There are some long-term ownership features worth noting. After 12 years, the contract adds a 0.40% annual long-term persistency credit to contract value, credited quarterly, and there is a $35 annual contract fee that is waived after 15 years or once contract value exceeds $100,000. Even with the relatively generous free-withdrawal provision, this is still a long-term, market-based contract and should not be treated like emergency cash.
| Contract Year | Surrender Charge |
|---|---|
| 1 | 6% |
| 2 | 6% |
| 3 | 5% |
| 4 | 5% |
| 5 | 4% |
| 6 | 3% |
| 7 | 2% |
| 8 | 0% |
Fees and Tradeoffs
The first cost is the base contract charge. The spec puts total base expense at about 1.10% a year, made up of a 1.00% daily mortality and expense charge plus a 0.10% administrative charge. On top of that you pay the net subaccount fees on whatever funds you choose, which the spec ranges from 0.48% to 1.46%.
The bigger cost decisions are the optional riders. The income riders run roughly 1.50% to 2.75% as an annual benefit charge deducted quarterly, the death-benefit riders range from 0.05% to 1.60%, and the long-term care rider adds another 0.50% to 0.76% for the acceleration benefit. Stacked together, a fully loaded contract can easily cost more than 3% a year before fund expenses. That is the central tradeoff: ChoicePlus Design 1 buys real market upside and broad optionality, but the layered fees and market risk make it materially more expensive and less predictable than a fixed or fixed indexed annuity built for protection.
Product snapshot
| Feature | Details |
|---|---|
| Product Type | Variable Annuity |
| Surrender Period | 7 years |
| Issue Ages | 0 - 85 |
| Minimum Premium | $10,000 |
| Crediting Methods | Variable Investment Options |
| Free Withdrawal | 10% of current account value or 10% of premiums paid, whichever is higher, in any contract year before surrender period expires |
| MGSV | N/A |
| Death Benefit | Full account value; Enhanced Guaranteed Minimum Death Benefit (EGMDB) available as rider option |
| Income Rider | Optional |
| Income Rider Fee | 1.50% - 2.75% annual benefit charge (quarterly deduction) |
| Premium Bonus | None |
| Availability | Available in: AL, DC, FL, IN, MA, MN, MS, NH, NJ, OR, PA, TX, UT, WA. Not approved in NY and other states. |
Carrier snapshot
Legal Entity: The Lincoln National Life Insurance Company
Parent: Lincoln Financial Group
A.M. Best Rating: A
Final take
Lincoln ChoicePlus Design 1 is a strong fit for an investor who actually wants market exposure inside a tax-deferred annuity and values the flexibility of a deep subaccount menu plus optional income, death-benefit, and long-term care riders. The breadth of the platform and the ability to add guarantees later give it a clear purpose, and the long-term persistency credit and contract-fee waiver reward buyers who hold it for many years.

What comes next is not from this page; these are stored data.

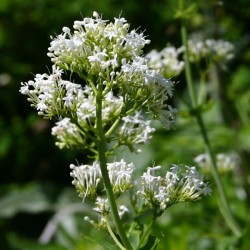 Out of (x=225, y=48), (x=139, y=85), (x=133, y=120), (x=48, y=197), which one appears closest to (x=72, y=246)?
(x=48, y=197)

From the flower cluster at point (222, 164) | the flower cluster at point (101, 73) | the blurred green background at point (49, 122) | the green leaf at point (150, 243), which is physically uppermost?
the blurred green background at point (49, 122)

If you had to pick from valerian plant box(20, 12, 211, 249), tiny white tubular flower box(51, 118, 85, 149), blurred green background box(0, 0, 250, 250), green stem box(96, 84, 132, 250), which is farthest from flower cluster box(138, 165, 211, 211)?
blurred green background box(0, 0, 250, 250)

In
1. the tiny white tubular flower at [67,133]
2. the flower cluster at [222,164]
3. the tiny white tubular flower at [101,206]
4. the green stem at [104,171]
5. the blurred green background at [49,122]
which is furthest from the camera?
the blurred green background at [49,122]

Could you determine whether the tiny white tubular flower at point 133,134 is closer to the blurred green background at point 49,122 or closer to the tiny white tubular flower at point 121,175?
the tiny white tubular flower at point 121,175

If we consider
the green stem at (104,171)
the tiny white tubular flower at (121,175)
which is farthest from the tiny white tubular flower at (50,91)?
the tiny white tubular flower at (121,175)

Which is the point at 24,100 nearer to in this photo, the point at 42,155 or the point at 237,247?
the point at 42,155

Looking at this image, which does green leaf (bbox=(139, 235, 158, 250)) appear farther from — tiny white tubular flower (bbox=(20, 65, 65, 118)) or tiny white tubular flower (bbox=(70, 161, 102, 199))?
tiny white tubular flower (bbox=(20, 65, 65, 118)) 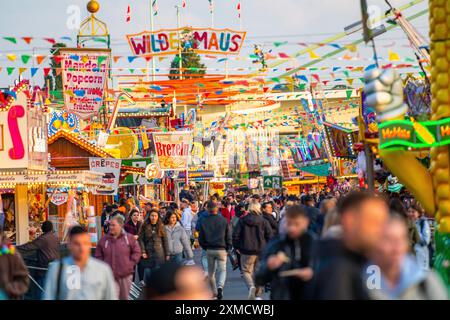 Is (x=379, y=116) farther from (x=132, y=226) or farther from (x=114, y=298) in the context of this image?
(x=132, y=226)

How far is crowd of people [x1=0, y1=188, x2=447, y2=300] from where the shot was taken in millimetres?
5383

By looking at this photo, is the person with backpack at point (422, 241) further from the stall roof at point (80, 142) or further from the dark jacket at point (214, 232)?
the stall roof at point (80, 142)

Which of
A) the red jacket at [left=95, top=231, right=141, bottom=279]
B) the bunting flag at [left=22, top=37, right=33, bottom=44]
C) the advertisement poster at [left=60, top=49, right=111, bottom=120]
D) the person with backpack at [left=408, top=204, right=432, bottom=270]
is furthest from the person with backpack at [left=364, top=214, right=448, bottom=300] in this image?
the advertisement poster at [left=60, top=49, right=111, bottom=120]

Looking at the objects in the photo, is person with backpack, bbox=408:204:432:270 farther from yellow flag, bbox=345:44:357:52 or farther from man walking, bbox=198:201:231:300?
yellow flag, bbox=345:44:357:52

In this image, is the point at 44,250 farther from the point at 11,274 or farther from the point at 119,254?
the point at 11,274

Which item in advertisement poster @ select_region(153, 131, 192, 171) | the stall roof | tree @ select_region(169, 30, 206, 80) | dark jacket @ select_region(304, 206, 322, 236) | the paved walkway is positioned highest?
tree @ select_region(169, 30, 206, 80)

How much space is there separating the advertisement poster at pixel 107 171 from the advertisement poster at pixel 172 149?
10.2ft

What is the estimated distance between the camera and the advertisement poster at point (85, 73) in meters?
25.7

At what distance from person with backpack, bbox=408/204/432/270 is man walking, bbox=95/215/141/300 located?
390 cm

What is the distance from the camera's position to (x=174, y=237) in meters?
17.1

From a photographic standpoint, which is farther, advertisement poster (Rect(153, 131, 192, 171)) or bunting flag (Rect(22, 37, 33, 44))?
advertisement poster (Rect(153, 131, 192, 171))

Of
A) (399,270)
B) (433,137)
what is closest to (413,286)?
(399,270)

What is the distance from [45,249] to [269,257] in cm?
651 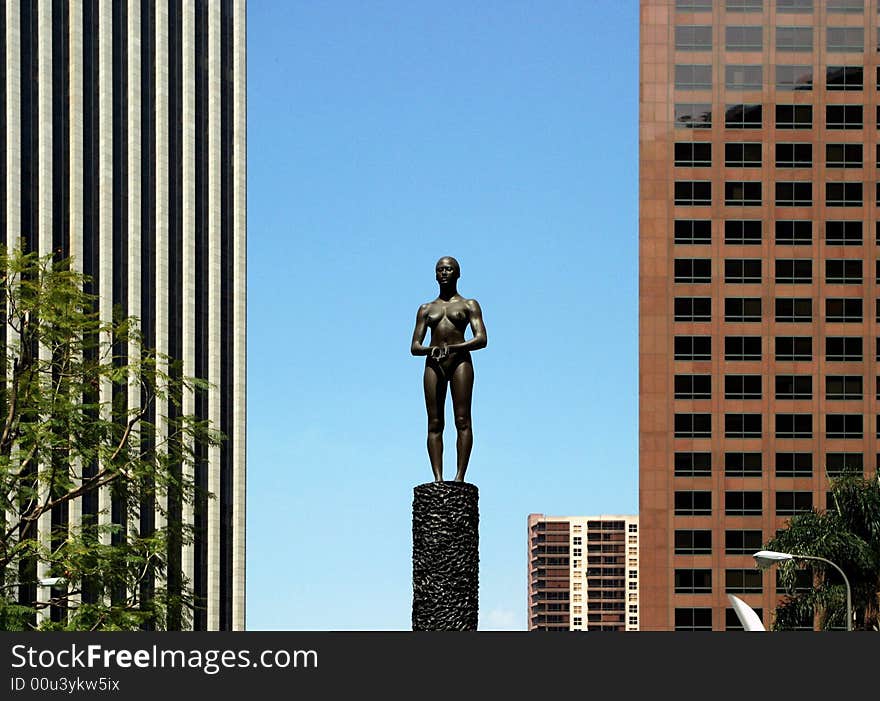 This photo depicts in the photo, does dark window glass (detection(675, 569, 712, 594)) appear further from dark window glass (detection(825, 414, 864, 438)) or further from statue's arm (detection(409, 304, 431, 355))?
statue's arm (detection(409, 304, 431, 355))

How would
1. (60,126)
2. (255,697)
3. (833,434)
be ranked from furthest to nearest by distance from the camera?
(833,434), (60,126), (255,697)

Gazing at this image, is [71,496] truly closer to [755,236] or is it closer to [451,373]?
[451,373]

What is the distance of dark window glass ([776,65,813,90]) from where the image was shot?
387 feet

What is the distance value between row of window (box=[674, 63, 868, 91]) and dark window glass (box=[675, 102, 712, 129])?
124 cm

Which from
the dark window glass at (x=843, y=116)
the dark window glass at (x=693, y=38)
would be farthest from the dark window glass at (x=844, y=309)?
the dark window glass at (x=693, y=38)

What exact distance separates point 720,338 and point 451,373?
92.3m

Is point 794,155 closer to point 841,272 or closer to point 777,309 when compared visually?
point 841,272

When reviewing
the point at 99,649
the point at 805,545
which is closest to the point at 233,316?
the point at 805,545

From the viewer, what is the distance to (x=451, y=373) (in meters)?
25.5

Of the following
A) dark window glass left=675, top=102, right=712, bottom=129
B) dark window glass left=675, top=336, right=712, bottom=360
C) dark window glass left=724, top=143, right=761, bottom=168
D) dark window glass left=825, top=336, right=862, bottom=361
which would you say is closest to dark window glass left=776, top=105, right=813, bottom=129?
dark window glass left=724, top=143, right=761, bottom=168

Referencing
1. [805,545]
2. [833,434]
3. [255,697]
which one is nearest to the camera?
[255,697]

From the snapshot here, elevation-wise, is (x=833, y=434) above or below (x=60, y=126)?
below

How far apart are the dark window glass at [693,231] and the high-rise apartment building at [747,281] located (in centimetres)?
10

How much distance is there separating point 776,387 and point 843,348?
5678 mm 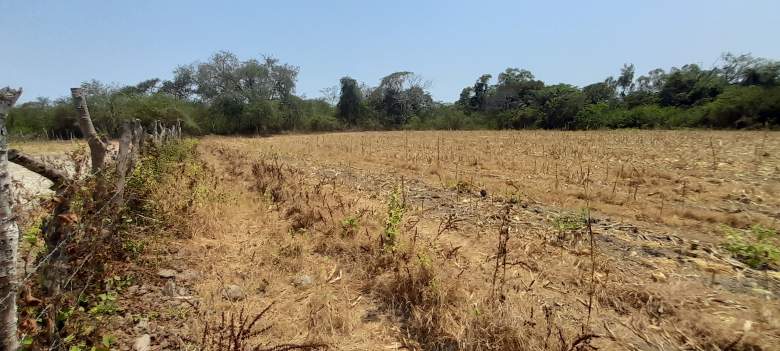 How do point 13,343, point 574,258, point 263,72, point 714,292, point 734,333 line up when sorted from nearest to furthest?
1. point 13,343
2. point 734,333
3. point 714,292
4. point 574,258
5. point 263,72

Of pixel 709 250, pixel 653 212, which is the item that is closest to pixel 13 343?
pixel 709 250

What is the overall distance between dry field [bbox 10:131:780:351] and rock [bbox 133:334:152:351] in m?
0.06

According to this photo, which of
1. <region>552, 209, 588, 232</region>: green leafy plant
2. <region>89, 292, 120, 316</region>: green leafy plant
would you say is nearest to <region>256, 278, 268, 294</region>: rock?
<region>89, 292, 120, 316</region>: green leafy plant

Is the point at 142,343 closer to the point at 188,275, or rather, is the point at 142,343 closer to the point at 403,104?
the point at 188,275

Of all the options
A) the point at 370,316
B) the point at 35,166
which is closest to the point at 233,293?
the point at 370,316

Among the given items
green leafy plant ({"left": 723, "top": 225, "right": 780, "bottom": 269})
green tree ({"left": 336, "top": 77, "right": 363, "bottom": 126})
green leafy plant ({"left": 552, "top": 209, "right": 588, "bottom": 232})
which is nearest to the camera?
green leafy plant ({"left": 723, "top": 225, "right": 780, "bottom": 269})

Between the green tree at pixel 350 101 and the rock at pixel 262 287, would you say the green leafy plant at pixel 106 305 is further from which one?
the green tree at pixel 350 101

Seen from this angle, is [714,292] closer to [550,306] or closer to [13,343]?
[550,306]

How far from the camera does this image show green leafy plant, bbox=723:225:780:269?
3279 mm

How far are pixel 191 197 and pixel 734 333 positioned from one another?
5.79 meters

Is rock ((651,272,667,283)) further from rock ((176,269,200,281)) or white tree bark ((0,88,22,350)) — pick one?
white tree bark ((0,88,22,350))

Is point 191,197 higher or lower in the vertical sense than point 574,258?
higher

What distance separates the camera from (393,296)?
2.95 m

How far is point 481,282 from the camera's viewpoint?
2943 mm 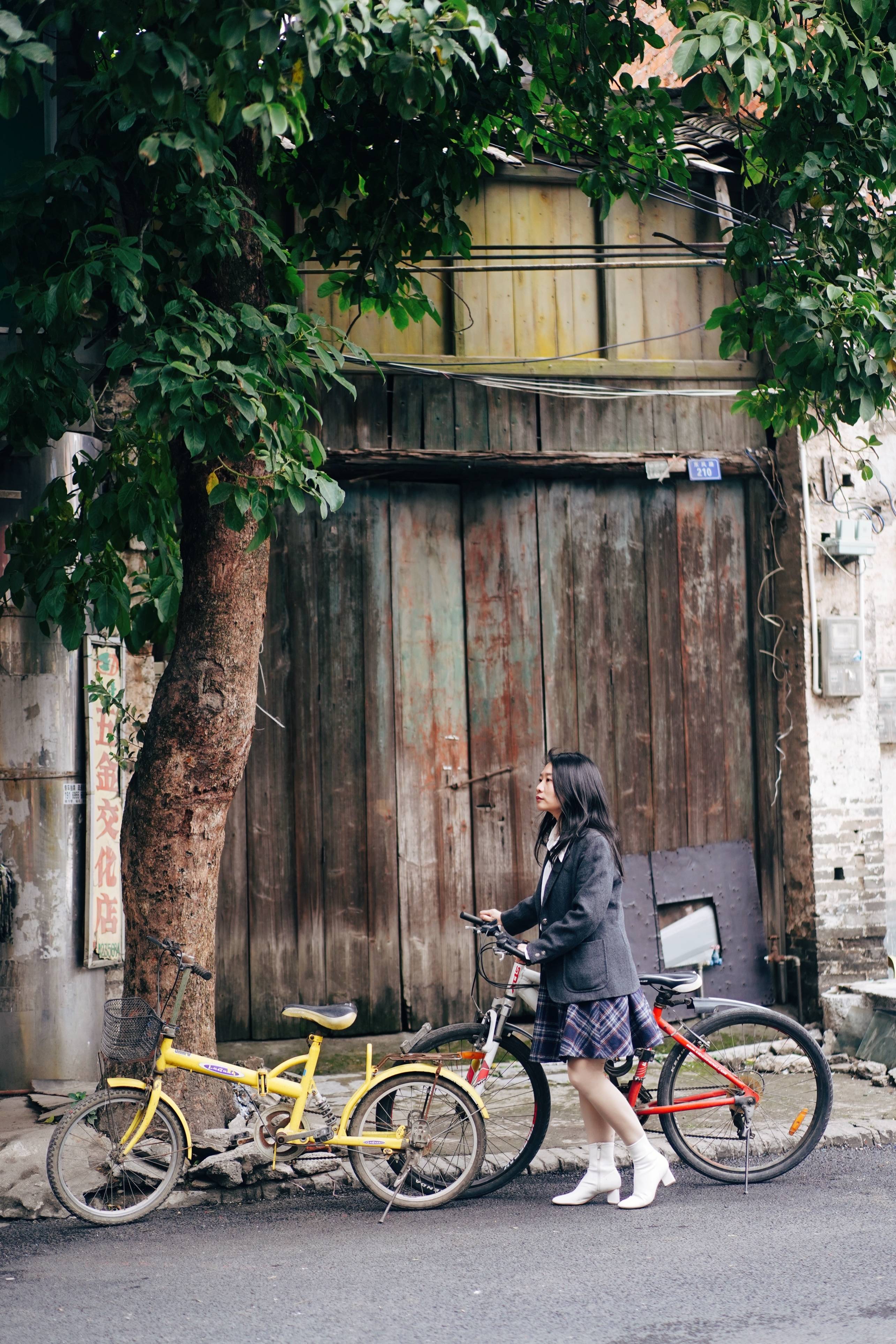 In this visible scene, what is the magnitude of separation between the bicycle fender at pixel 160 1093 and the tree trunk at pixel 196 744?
499 millimetres

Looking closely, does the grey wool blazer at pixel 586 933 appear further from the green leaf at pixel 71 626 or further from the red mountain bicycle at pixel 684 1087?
the green leaf at pixel 71 626

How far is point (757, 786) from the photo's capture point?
814 cm

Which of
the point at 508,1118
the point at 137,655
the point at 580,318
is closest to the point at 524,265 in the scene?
the point at 580,318

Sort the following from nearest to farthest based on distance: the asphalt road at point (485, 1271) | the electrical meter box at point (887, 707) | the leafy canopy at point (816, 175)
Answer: the asphalt road at point (485, 1271) < the leafy canopy at point (816, 175) < the electrical meter box at point (887, 707)

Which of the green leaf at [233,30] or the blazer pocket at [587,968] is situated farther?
the blazer pocket at [587,968]

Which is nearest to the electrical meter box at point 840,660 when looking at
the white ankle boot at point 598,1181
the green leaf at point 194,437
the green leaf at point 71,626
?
the white ankle boot at point 598,1181

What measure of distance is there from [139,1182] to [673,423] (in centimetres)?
528

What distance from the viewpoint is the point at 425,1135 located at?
16.7 feet

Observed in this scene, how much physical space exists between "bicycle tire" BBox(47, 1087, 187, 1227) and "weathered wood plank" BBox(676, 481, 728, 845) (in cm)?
400

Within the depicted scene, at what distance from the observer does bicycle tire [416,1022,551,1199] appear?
206 inches

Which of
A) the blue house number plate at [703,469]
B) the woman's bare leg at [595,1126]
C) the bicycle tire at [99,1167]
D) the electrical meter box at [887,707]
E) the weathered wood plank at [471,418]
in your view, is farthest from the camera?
the electrical meter box at [887,707]

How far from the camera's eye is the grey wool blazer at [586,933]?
5.06 m

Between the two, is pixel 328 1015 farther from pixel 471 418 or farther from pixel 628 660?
pixel 471 418

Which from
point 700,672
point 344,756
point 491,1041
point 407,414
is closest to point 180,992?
point 491,1041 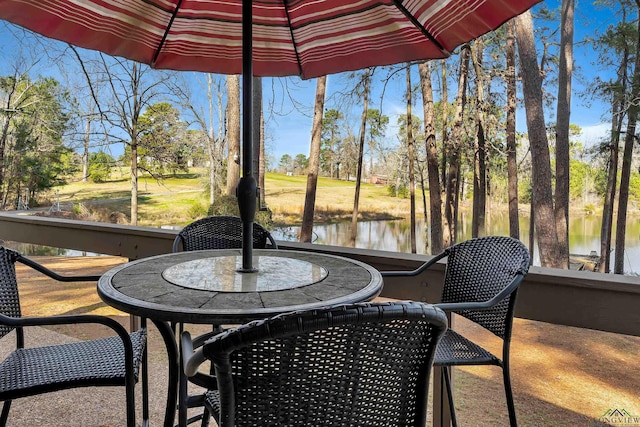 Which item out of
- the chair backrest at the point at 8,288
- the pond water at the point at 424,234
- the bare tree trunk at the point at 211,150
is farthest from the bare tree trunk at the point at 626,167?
the bare tree trunk at the point at 211,150

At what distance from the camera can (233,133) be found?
23.3 ft

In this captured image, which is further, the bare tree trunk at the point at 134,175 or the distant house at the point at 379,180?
the distant house at the point at 379,180

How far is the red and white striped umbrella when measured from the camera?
1.70 meters

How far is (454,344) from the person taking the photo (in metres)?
1.59

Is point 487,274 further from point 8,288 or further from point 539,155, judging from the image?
point 539,155

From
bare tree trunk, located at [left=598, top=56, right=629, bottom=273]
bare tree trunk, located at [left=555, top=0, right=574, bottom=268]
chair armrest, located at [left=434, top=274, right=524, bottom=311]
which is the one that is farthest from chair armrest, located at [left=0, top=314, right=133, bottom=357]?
bare tree trunk, located at [left=598, top=56, right=629, bottom=273]

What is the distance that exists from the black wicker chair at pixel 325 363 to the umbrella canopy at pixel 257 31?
2.79 ft

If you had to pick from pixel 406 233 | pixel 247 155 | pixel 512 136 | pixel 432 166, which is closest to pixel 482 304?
pixel 247 155

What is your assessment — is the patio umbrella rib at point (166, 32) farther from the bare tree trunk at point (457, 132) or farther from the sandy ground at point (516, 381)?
the bare tree trunk at point (457, 132)

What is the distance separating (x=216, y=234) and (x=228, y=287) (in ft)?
3.77

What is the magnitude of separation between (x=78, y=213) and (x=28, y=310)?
7.47m

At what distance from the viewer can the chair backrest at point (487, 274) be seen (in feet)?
4.79

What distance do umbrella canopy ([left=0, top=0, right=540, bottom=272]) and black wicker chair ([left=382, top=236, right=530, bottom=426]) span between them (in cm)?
79

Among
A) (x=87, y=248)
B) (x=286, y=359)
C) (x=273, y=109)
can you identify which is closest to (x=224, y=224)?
(x=87, y=248) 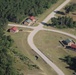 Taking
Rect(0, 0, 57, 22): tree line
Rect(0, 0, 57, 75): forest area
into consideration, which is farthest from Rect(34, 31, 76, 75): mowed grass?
Rect(0, 0, 57, 22): tree line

The caution is just as clear. This is a true variable annuity, so the account value carries market risk with no principal guarantee on the base contract. The base cost of about 1.10% is reasonable for the category, but layering on riders can push the all-in cost above 3% a year. For market-oriented buyers who want flexibility and tax deferral, it is a good option. For buyers whose top priority is guaranteed principal or the lowest possible cost, a fixed or fixed indexed annuity will usually make more sense.